__WORK ORDER__: All that is needed is the lines from the one containing "2020 BMW 320" through the end of the listing, printed exactly, with no pictures among them.
BEGIN GIVEN DATA
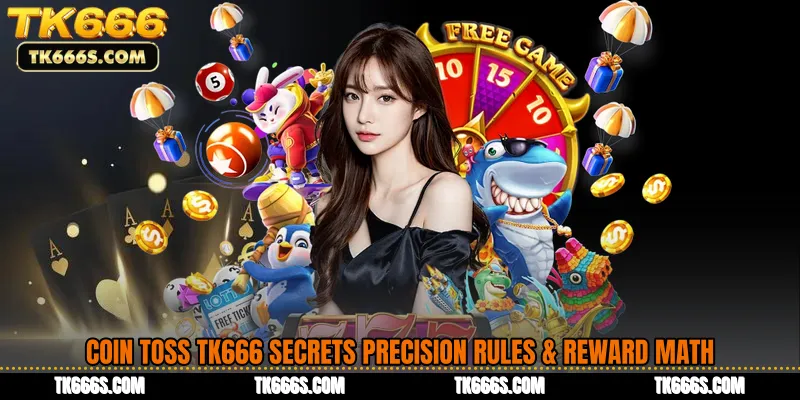 Coin Toss TK666 Secrets Precision Rules & Reward Math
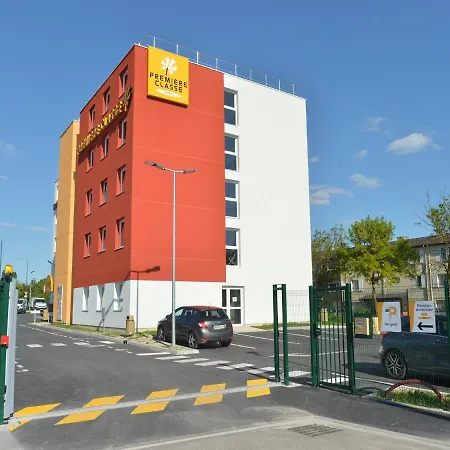 Premiere Classe Reims Nord - Betheny-3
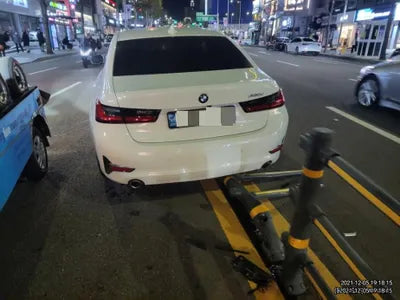 2020 BMW 320 WBA5X5101MFK06733 VIN:WBA5X5101MFK06733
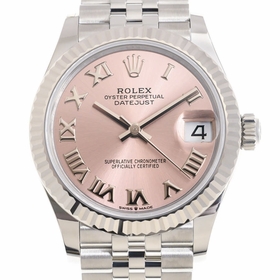 Rolex 278274PRJ Datejust 31 Ladies Automatic Watch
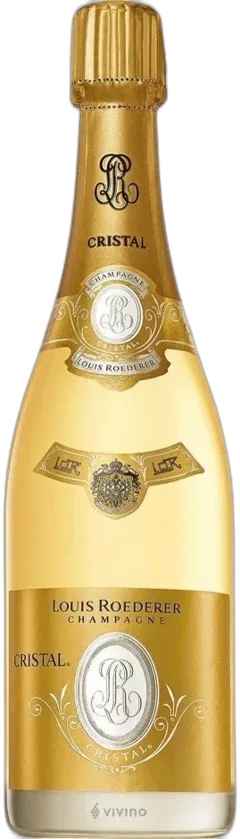 illustration du vin Cristal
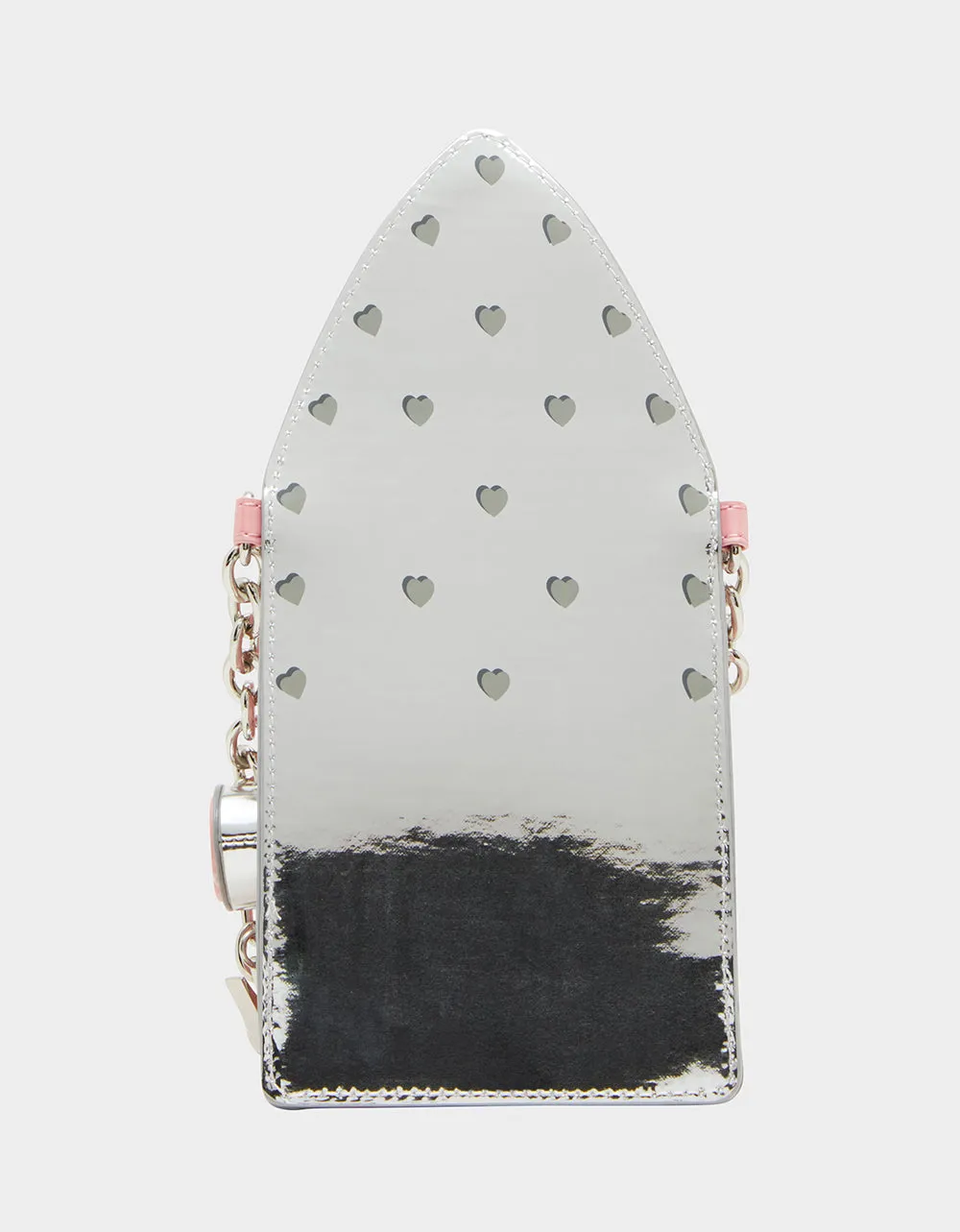 KITSCH IRON MAIDEN PINK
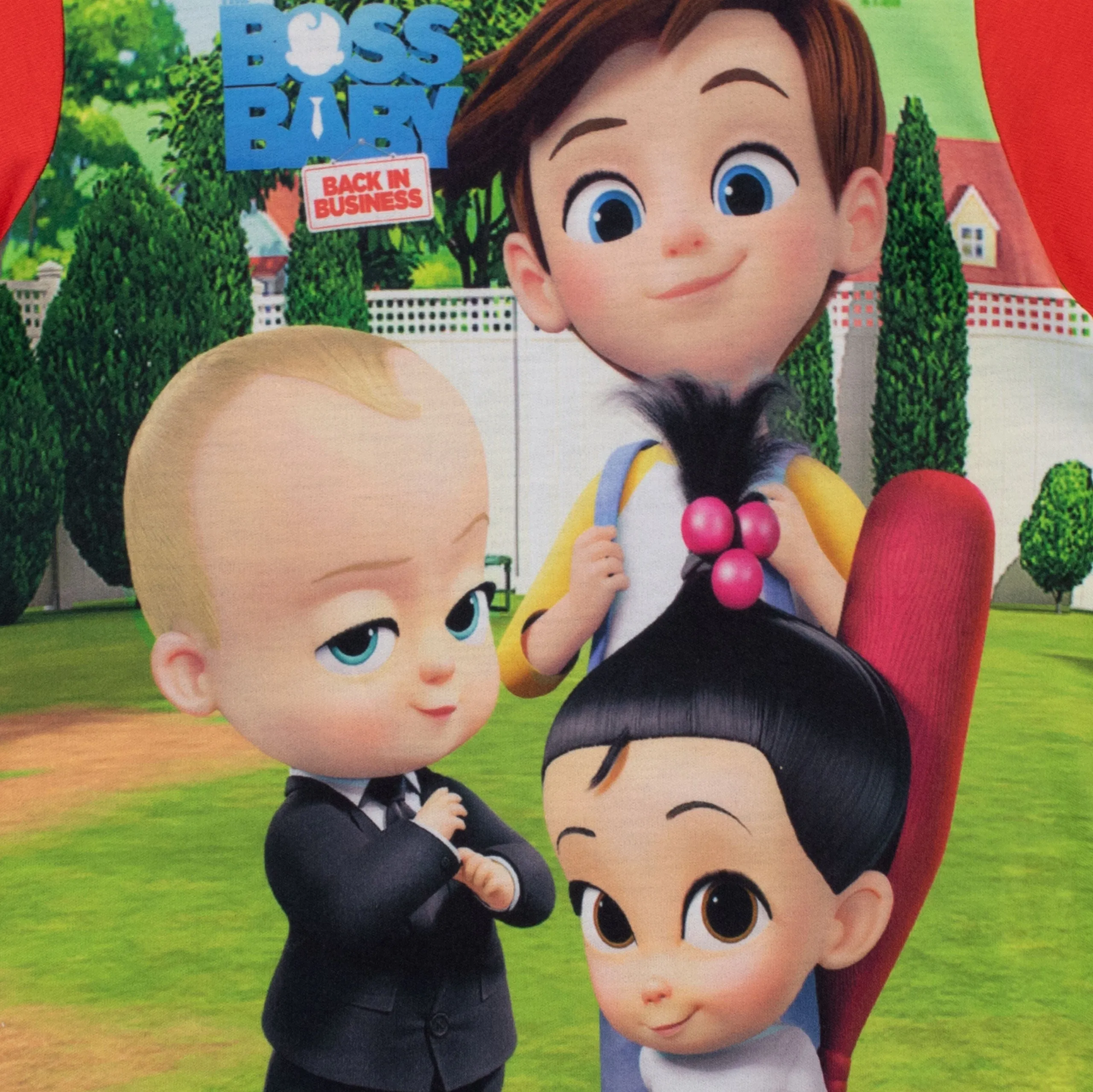 Boss Baby PJ Set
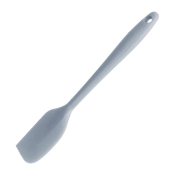 VOGUE SILICONE HIGH HEAT LARGE SPATULA GREY 280MM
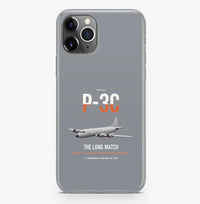 Thumbnail for P-3C Orion design on gray magsafe iphone case, for iPhone Pro Max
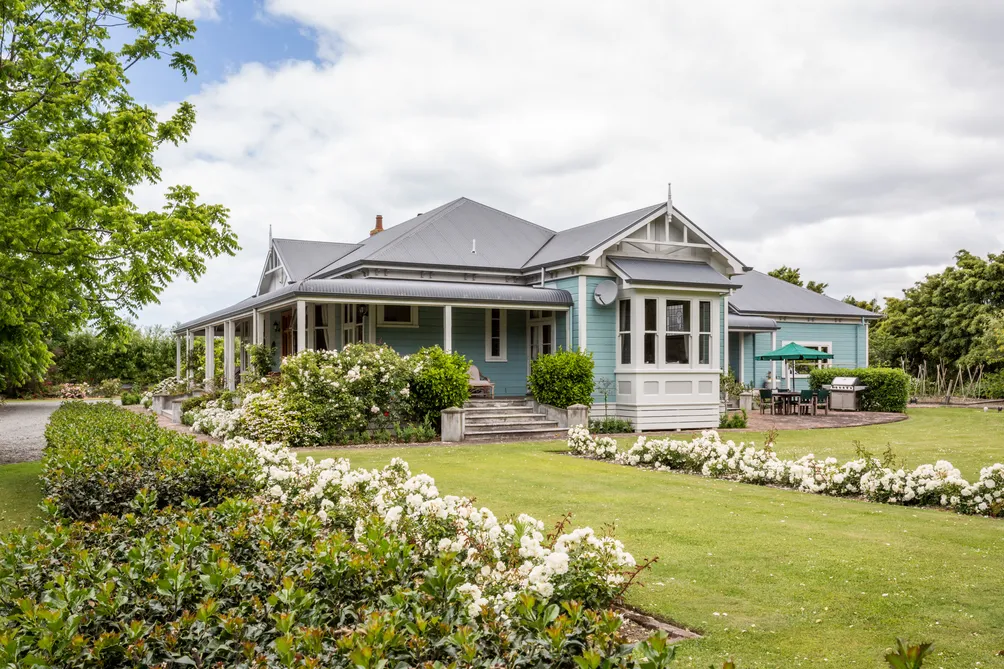 Crafted Homestead - Built 2002 (CV $1,080,000)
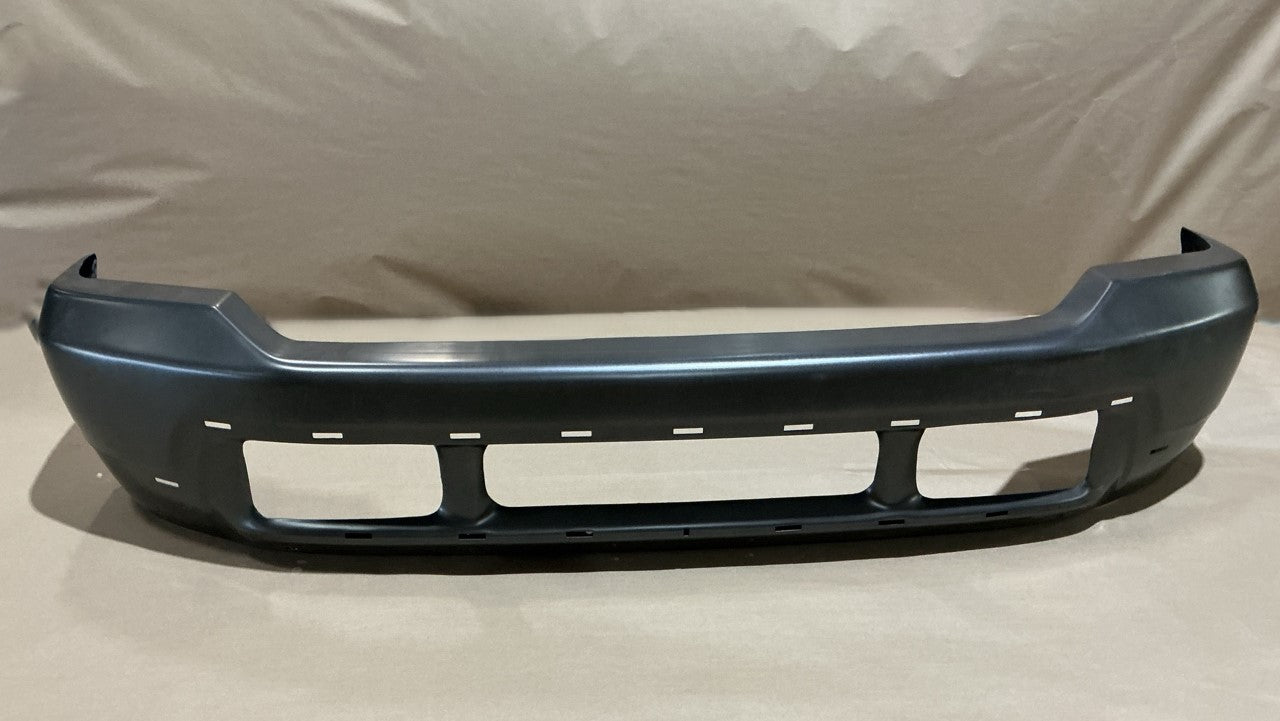 FDT1008LB Front Steel Bumper - 2002-2004 Ford F-250 F-350 SD Super Duty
END GIVEN DATA
__EXERCISE SOLUTION__:
 2020 BMW 320 WBA5X5101MFK06733 VIN:WBA5X5101MFK06733
 Rolex 278274PRJ Datejust 31 Ladies Automatic Watch
 illustration du vin Cristal
 KITSCH IRON MAIDEN PINK
 Boss Baby PJ Set
 VOGUE SILICONE HIGH HEAT LARGE SPATULA GREY 280MM
 Thumbnail for P-3C Orion design on gray magsafe iphone case, for iPhone Pro Max
 Crafted Homestead - Built 2002 (CV $1,080,000)
 FDT1008LB Front Steel Bumper - 2002-2004 Ford F-250 F-350 SD Super Duty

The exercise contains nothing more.